In 2006 López Obrador was the presidential candidate of the Party of the Democratic Revolution (PRD), a party founded in 1988 by Mexican nationalist politicians from the Institutional Revolutionary Party (PRI), which had ruled Mexico for 75 years as a one-party-state, but who rebelled against the party’s new technocratic and neoliberal leadership. The PRD also attracted the Stalinist Communists and other leftists and became a congeries of left sects and opportunistic politicians held together by their desire to displace the PRI from power. Both the PRI and the PRD were affiliated with the Socialist International, which includes the socialist parties of the world. The PRD suffered several scandals in the 1990s and 2000s, including internal elections marked by fraud and political payoffs that were videotaped and broadcast on television.
When López Obrador lost the election in 2006 through illegal activity by the out-going president Vicente Fox and alleged massive voting fraud, he called for massive protests in which hundreds of thousands participated. That was followed by his National Democratic Convention and subsequently, standing alone on a platform in the national square, the Zócalo, in Mexico City, he proclaimed himself the “Legitimate President.” He then appointed a cabinet which he called the “Legitimate Government.” Since 2006, López Obrador spent six years as a peripatetic pretender to the presidency visiting hundreds of cities, towns and villages throughout Mexico and creating an organization of tens of thousands who support him.
MORENA
With the PRD’s growing reputation for fraud and infighting that nearly paralyzed it, López Obrador then turned his “Legitimate Government” into a new political organization called MORENA. At this party’s founding convention on October 6, 2011, there were no votes and no elections, simply the assembly’s approval of López Obrador as leader and candidate. Afterwards López Obrador announced his cabinet appointments which included many figures with histories in the PRI and PRD who had espoused neoliberal policies in the past as legislators or directors of various institutions. With the PRD in crisis, some ambitious politicians have moved into Morena (without of course severing their ties to the PRD) in order to see if the new organization can help further their careers.
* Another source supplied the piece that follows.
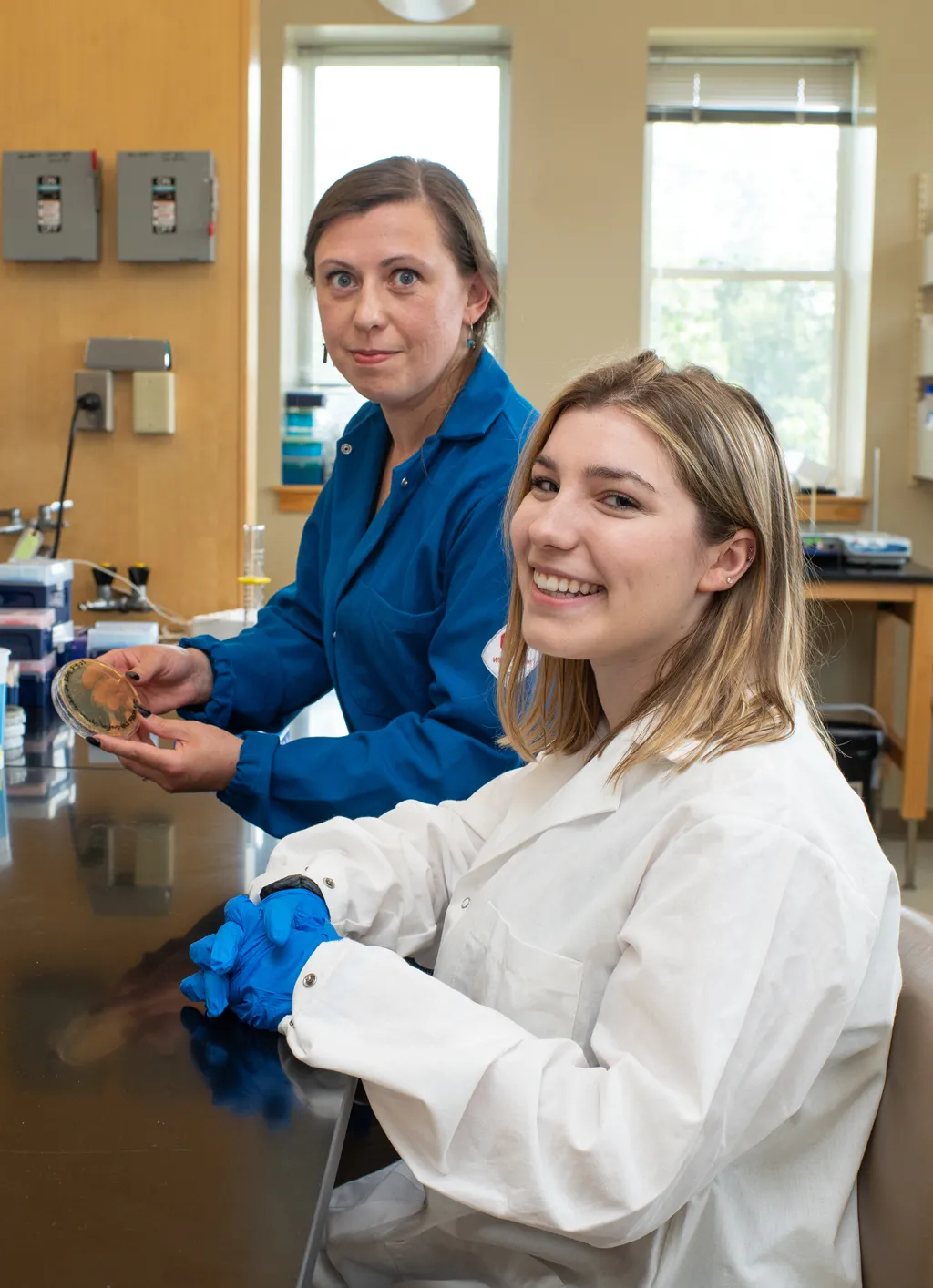 Professor Balog holds up an agar plate while standing next to a student researcher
So far López Obrador has failed to set in motion the vast popular forces he needs to win the election, running third in the polls. The candidate has addressed that problem by turning to the right. As head of Morena, López Obrador has announced that he is attempting to create “the loving republic,” a slogan that allows him to avoid talking about the serious issues of social class and political program. He has also made overtures to the Mexican business class hoping to win broader support on the right for his campaign. And he has attempted to woo the corporate media by arguing that he is not the fire-breathing López Obrador of 2006 who the media constantly compared to Hugo Chávez, the radical president of Venezuela who calls for “Twenty-First Century Socialism,” but rather a moderate who should be compared to Luis Inácio Lula da Silva of Brazil, the recently retired president of Brazil who on the one hand brought social welfare payments to the country’s poor, but also worked closely with banks and construction companies during his presidency.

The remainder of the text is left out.